=== Begin Enclosure ===

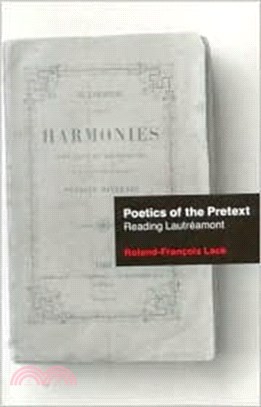 Poetics Of The Pretext：Reading Lautreamont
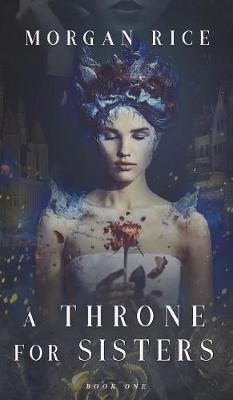 A Throne for Sisters (Book One) - Throne for Sisters 1 (Hardback)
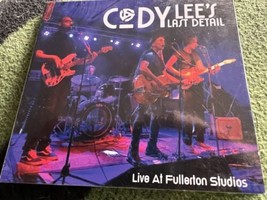 Live At Fullerton Studios by Cody Lee&#39;s Last Detail cd SEALED - £15.46 GBP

=== End Enclosure ===

= Work request =
Retype the listing above exactly as it appears, omitting the pictures.

= Expected answer =
 Poetics Of The Pretext：Reading Lautreamont
 A Throne for Sisters (Book One) - Throne for Sisters 1 (Hardback)
 Live At Fullerton Studios by Cody Lee&#39;s Last Detail cd SEALED - £15.46 GBP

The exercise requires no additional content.